Coming up tonight, on TNT: Overmatched Team A tries to steal a playoff game from Juggernaut Team B! And if they do so, don't miss the next 6 months, during which Team A will try to sell its fanbase on the idea that a 5-game playoff loss is a successful season! Be sure to treat yourself to this compelling melodrama, the only thing more viewer-enticing than Charles Barkley doing a Sodoku puzzle!

I've tried. I've tried and tried and tried and tried. I've picked a few teams I wanted to root for and against. I've set aside time to watch games. I've even gambled on a game or two (note to the Blazers: putting a hand in a guy's face is not only allowed, but it may actually make your opponent's shot more difficult. Try it sometime.). But I just can't get into the NBA Playoffs until the Conference Finals at the earliest.

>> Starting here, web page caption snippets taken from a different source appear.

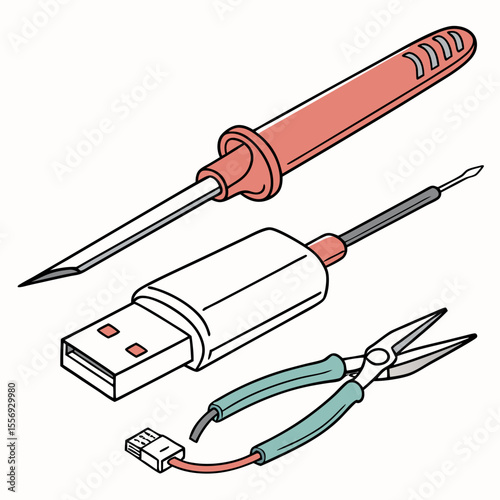 Soldering iron usb cable pliers repair kit tools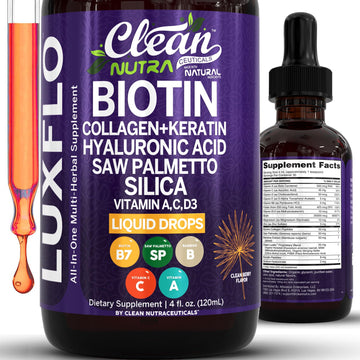 Liquid Biotin & Collagen Keratin Hyaluronic Acid Saw Palmetto Drops Vitamins for Hair Growth Support Silica Vitamin A C D Bamboo Turmeric Zinc Folate Magnesium Horsetail LuxFlo By Clean Nutra Clean Nutraceuticals uk supplements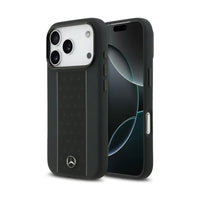 Mercedes-Benz iPhone 17 Pro Perforated Leather Case - Black Star Logo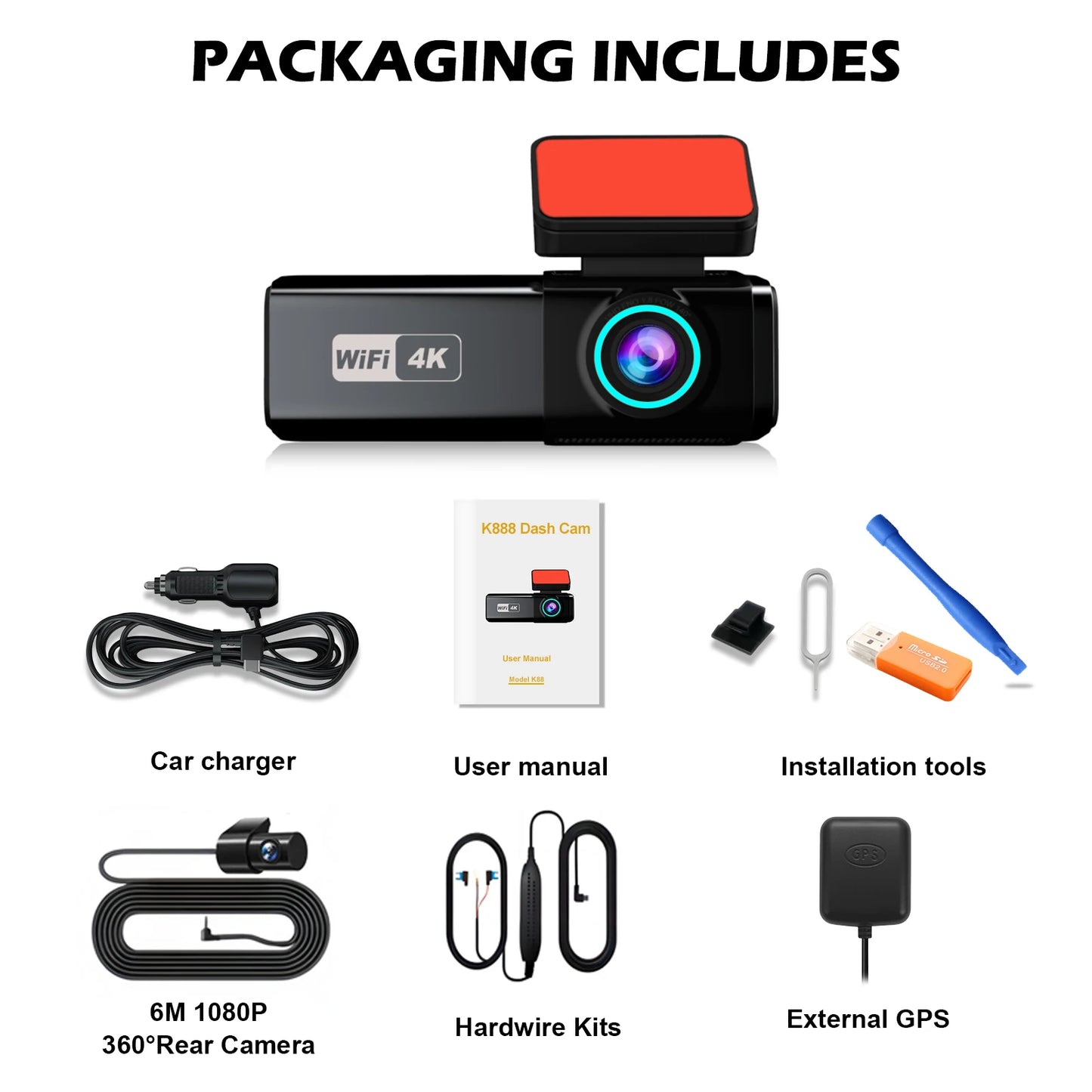 Aprilboy 4K Dual Dash Cam with WiFi β Front and Rear 2160P Car Camera with Night Vision, G-Sensor & 24H Parking Monitor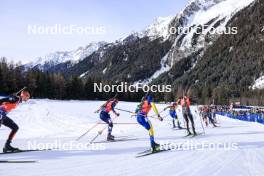 21.01.2024, Antholz, Italy (ITA): Endre Stroemsheim (NOR), Martin Ponsiluoma (SWE), Sebastian Samuelsson (SWE), Quentin Fillon Maillet (FRA), (l-r) - IBU World Cup Biathlon, mass men, Antholz (ITA). www.nordicfocus.com. © Manzoni/NordicFocus. Every downloaded picture is fee-liable.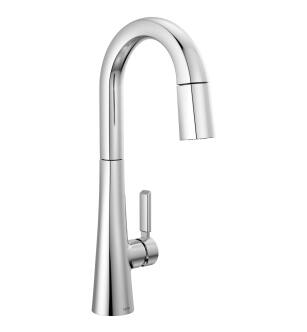 Delta Monrovia™ 9991-PR-DST Single Handle Pull-Down Bar/Prep Faucet Three Hole Deck Mount in Lumicoat Chrome
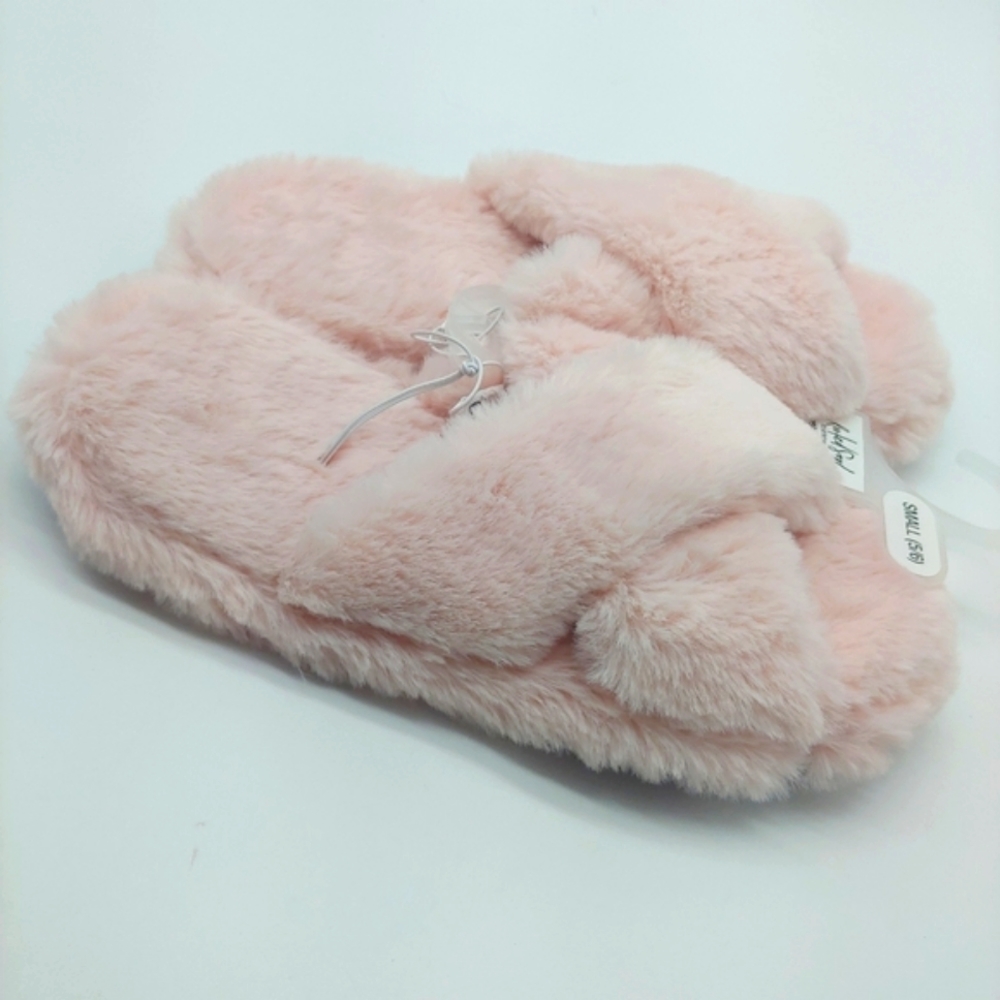 NWT 《 Rooted Soul 》 Blush Pink Soft Plush Faux Fur Slide Sandals Slippers 5/6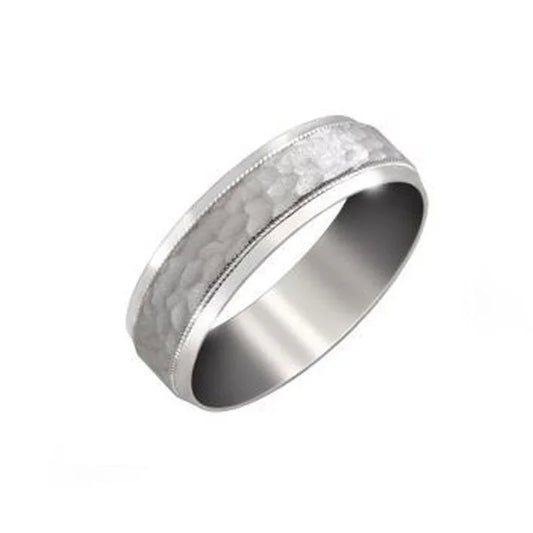 10, 14 Karat White Gold 6mm Fancy Wedding Band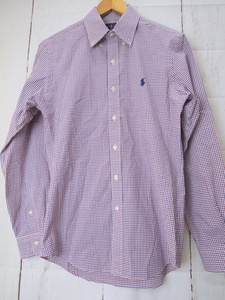 RALPH LAUREN ラルフローレン 長袖チェックシャツ XS 165/88A レッド、ネイビー、ホワイト 710702569004 100%Cotton Made in China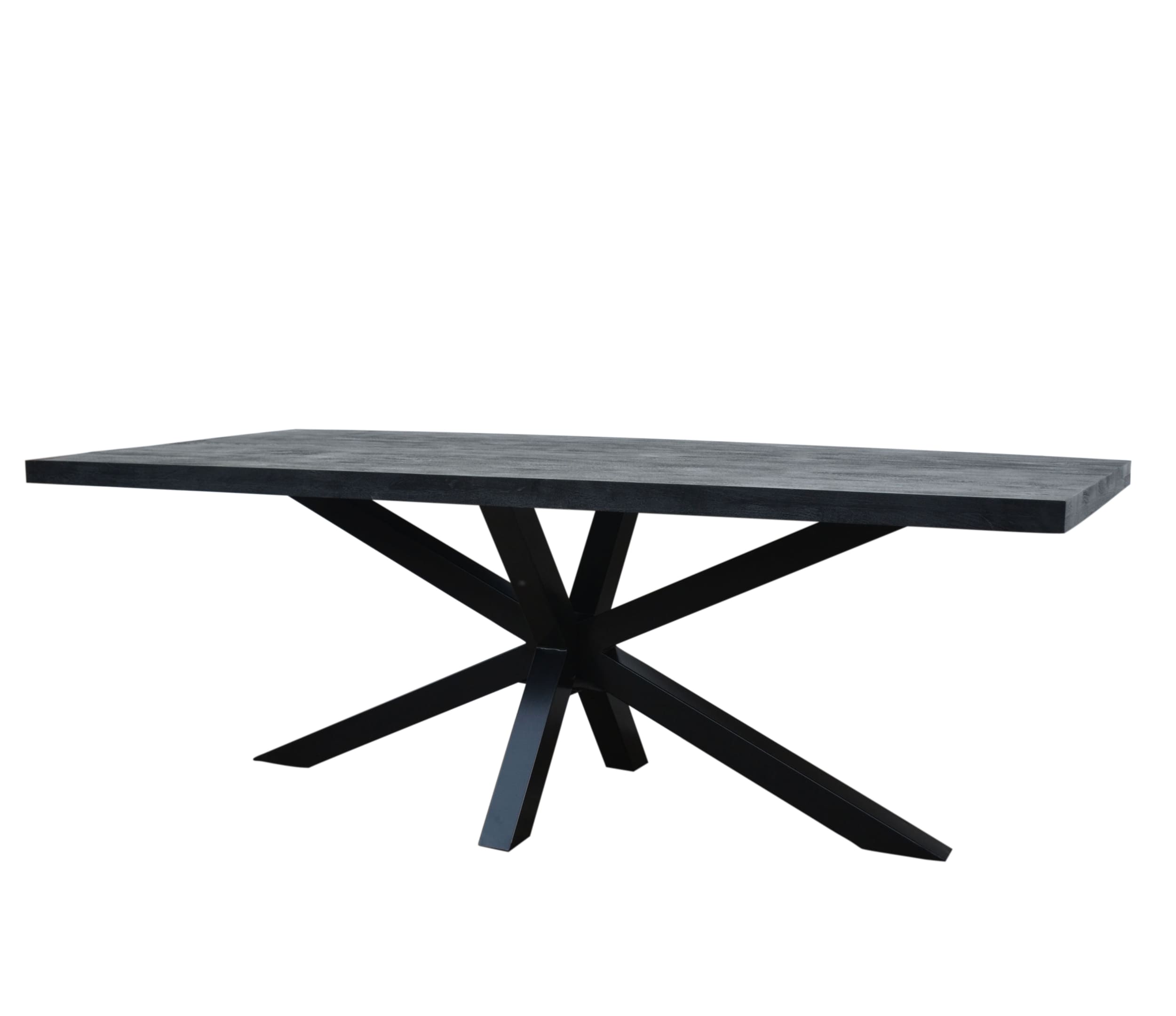 Esstisch Platte Mango schwarz Gestell X Metall schwarz 220x100x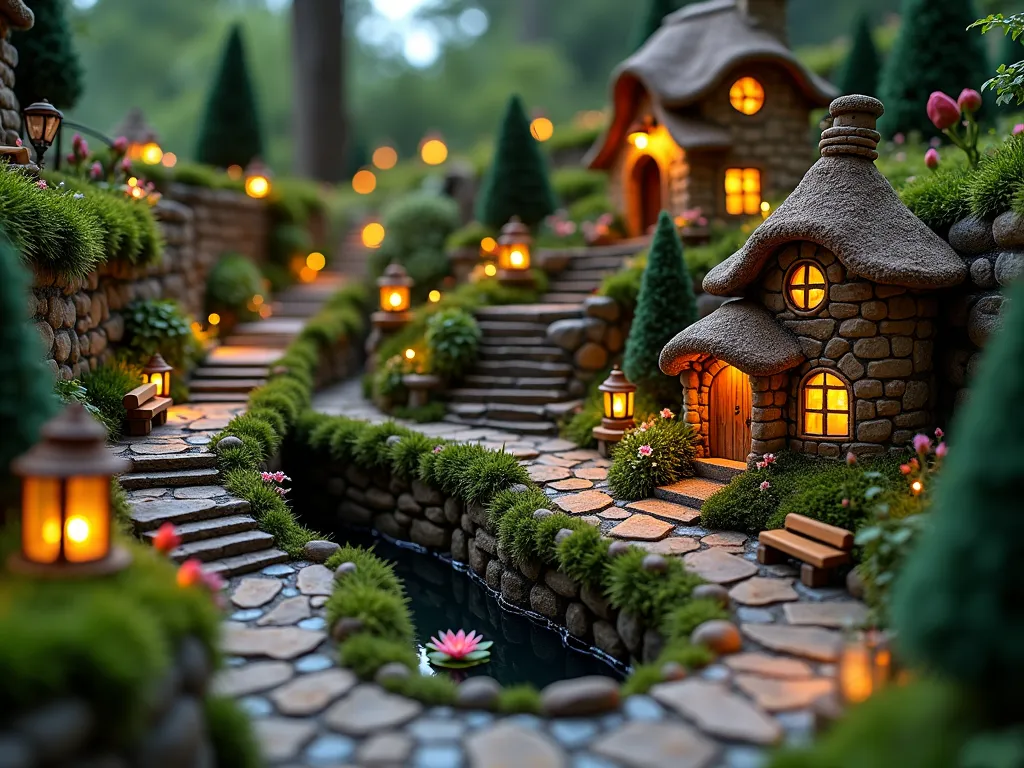 Enchanted Terraced Gnome Village at Twilight - A magical terraced garden gnome village photographed at twilight with warm lantern lighting, shot at f/2.8 with a 16-35mm wide-angle lens. Multiple miniature stone retaining walls create three distinct levels in the garden, each featuring moss-covered surfaces and tiny thatched cottages. Delicate fairy lights illuminate handcrafted wooden staircases and cobblestone ramps that connect the levels. The lowest tier showcases a small pond with water lilies, while the middle level features a tiny village square with miniature benches and a working water wheel. The top tier displays a quaint gnome cottage with a mushroom-shaped roof surrounded by dwarf conifers and miniature roses. Creeping thyme cascades over the stone walls, while small-leaved ivy creates natural archways over the connecting pathways. The scene is enhanced by the soft glow of tiny lanterns and the natural bokeh effect of the low-light photography.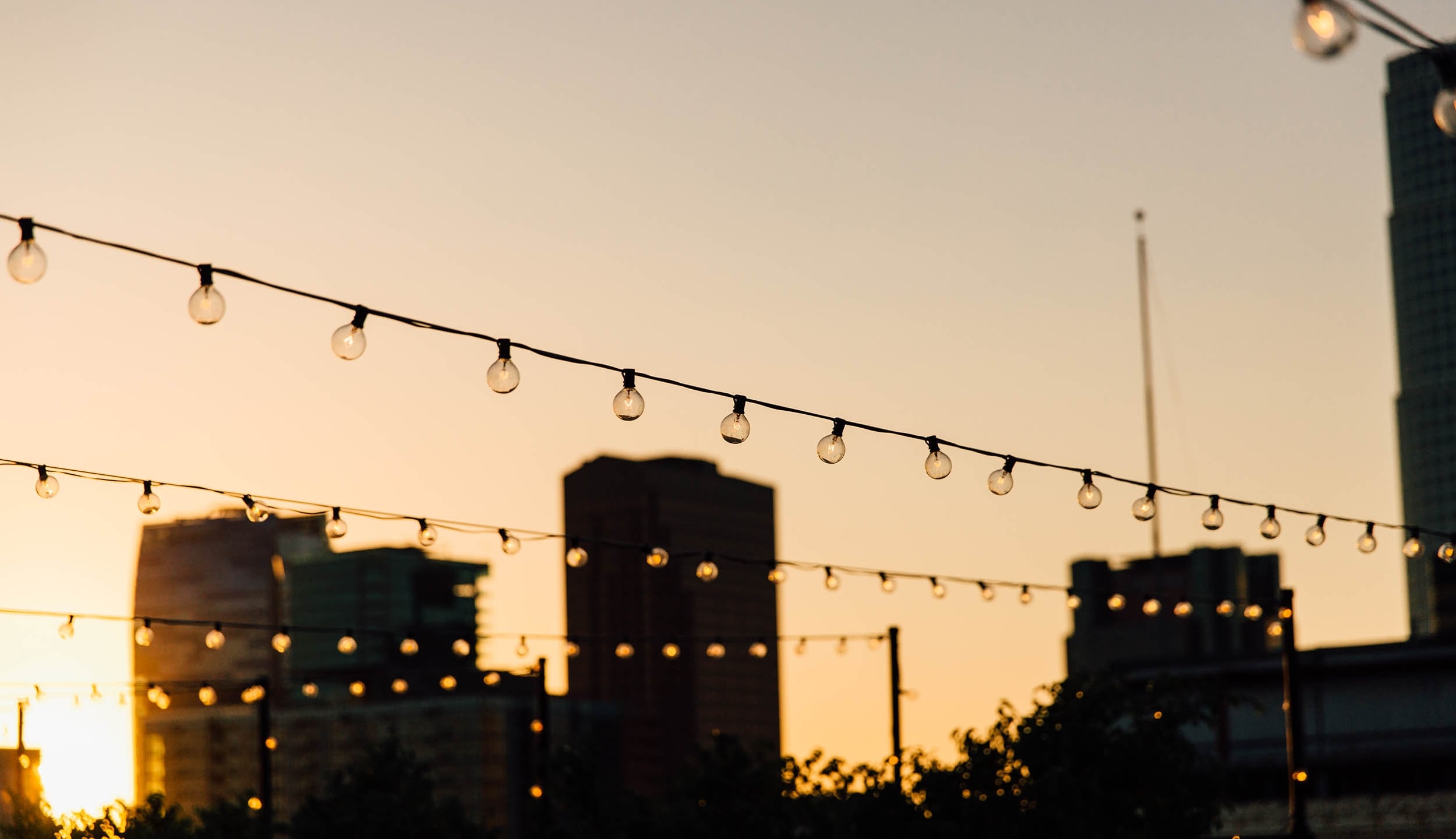 a city skyline at sunset with string lights in the foreground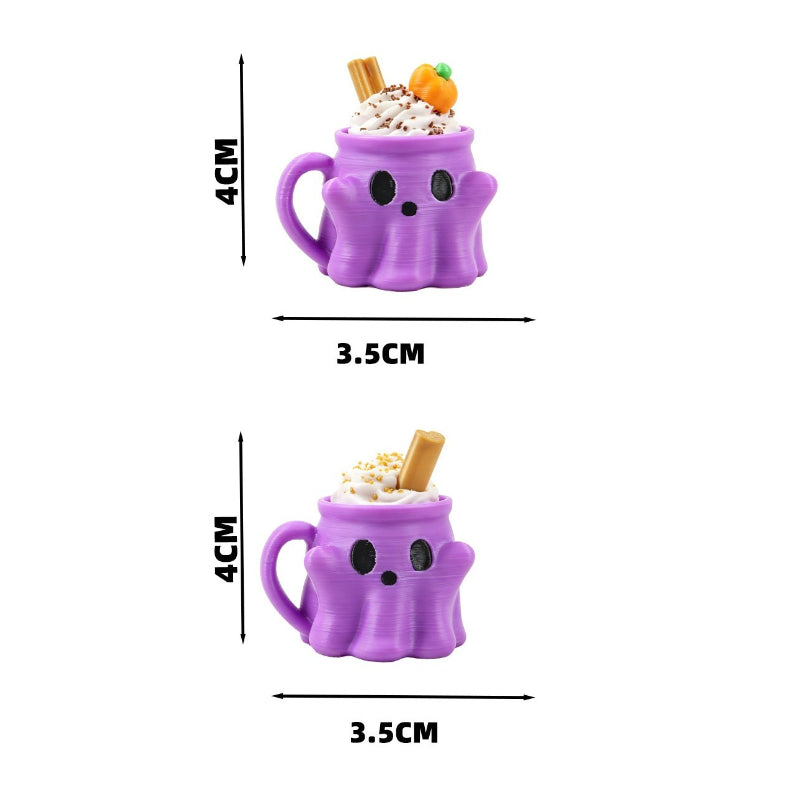 Halloween 3D Printed PLA Ghost Ice Cream Cup Keychain Fidget Charm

With rare exception, the NBA's first two playoff rounds are brutal. When you think "playoffs" in general, you think of a heightened level of competition and intensity that is not found in the regular season very frequently. You think of hot underdog teams making the odds-on favorites sweat. The NHL, NFL, and MLB deliver on this more often than not. The NBA? Eh, not quite.

Why? Well, for starters, too many teams make the postseason. When a league sends more than half (16 out of 30) of its teams to the playoffs, it's begging for mediocrity. For instance, the Indiana Pacers, for all their pluck and relative likability, wedged themselves in as the 8-seed in the Eastern Conference with a 37-45 record. Give me a break. That's like a 73-win baseball team playing in October. Now, I know I'm walking right into it because the NFL saw a 7-9 playoff team just last season, but this sort of thing happens almost every year in the NBA, while the 2010 Seahawks were the first sub-.500 NFL team to ever make the playoffs in a full 16 game season.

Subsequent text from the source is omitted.